══ Recorded data

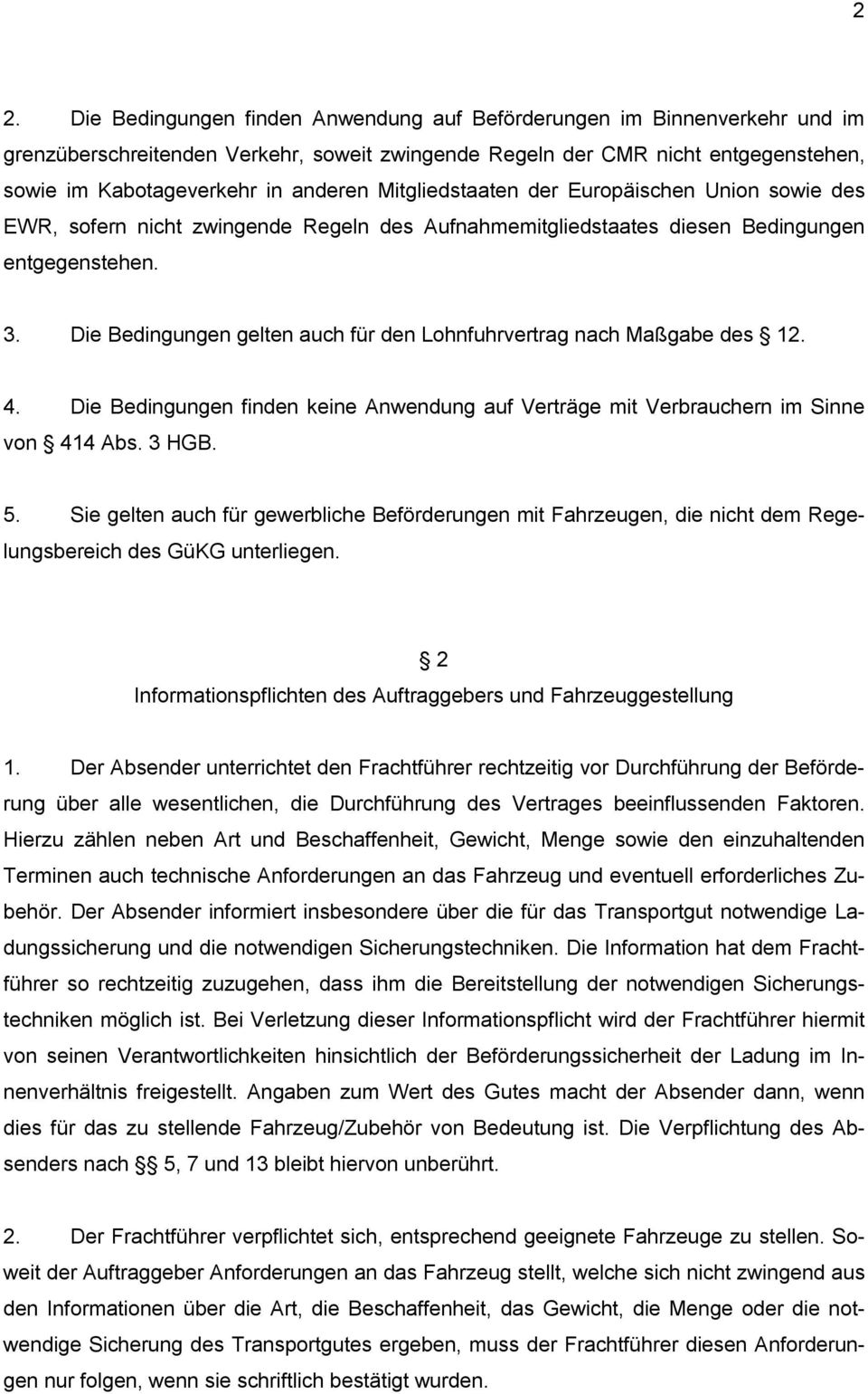 Die Bedingungen gelten auch für den Lohnfuhrvertrag nach Maßgabe des 12. 4. Die Bedingungen finden keine Anwendung auf Verträge mit Verbrauchern im Sinne von 414 Abs. 3 HGB. 5.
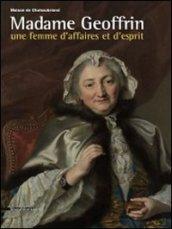 Madame Geoffrin. Une femme d'affaires et d'esprit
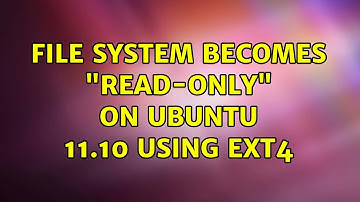 Ubuntu: File system becomes "Read-Only" on Ubuntu 11.10 using ext4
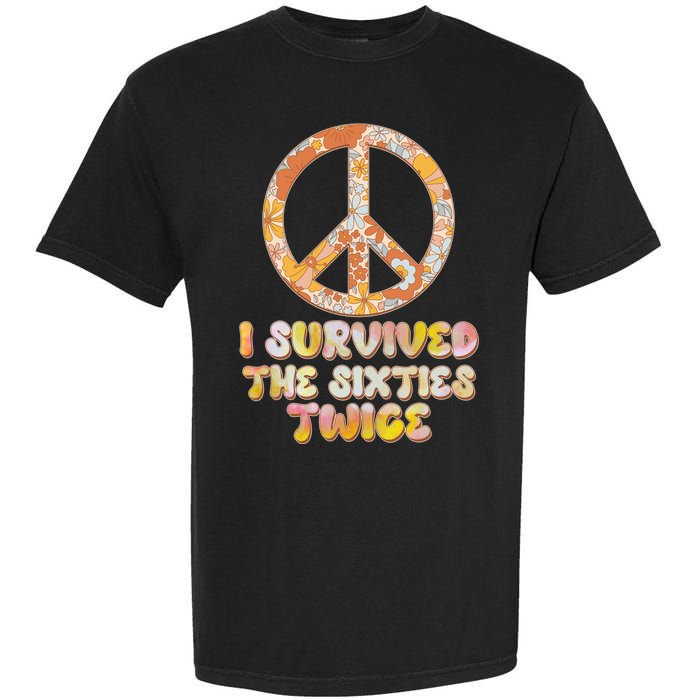 Retro Vintage I Survived The Sixties Twice Garment-Dyed Heavyweight T-Shirt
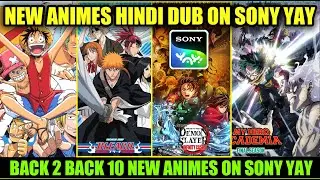 BACK 2 BACK  10 NEW HINDI ANIMES COMING ON SONY YAY | BLACK CLOVER | ONE PIECE | BLEACH | MHA !!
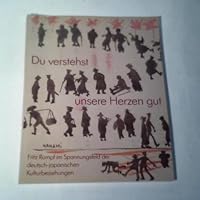 Du Verstehst Unsere Herzen Gut: Fritz Rumpf (1888-1949) Im Spannungsfeld Der Deutsch-Japanischen Kulturbeziehungen 3527176861 Book Cover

════

Assignment:
Return the entries verbatim, pictures excluded.

Your response:
 Die Bedingungen gelten auch für den Lohnfuhrvertrag nach Maßgabe des 12. 4. Die Bedingungen finden keine Anwendung auf Verträge mit Verbrauchern im Sinne von 414 Abs. 3 HGB. 5.
 Madame Geoffrin. Une femme d'affaires et d'esprit
 Ubuntu: File system becomes "Read-Only" on Ubuntu 11.10 using ext4
 Retro Vintage I Survived The Sixties Twice Garment-Dyed Heavyweight T-Shirt
 BACK 2 BACK  10 NEW HINDI ANIMES COMING ON SONY YAY | BLACK CLOVER | ONE PIECE | BLEACH | MHA !!
 Du Verstehst Unsere Herzen Gut: Fritz Rumpf (1888-1949) Im Spannungsfeld Der Deutsch-Japanischen Kulturbeziehungen 3527176861 Book Cover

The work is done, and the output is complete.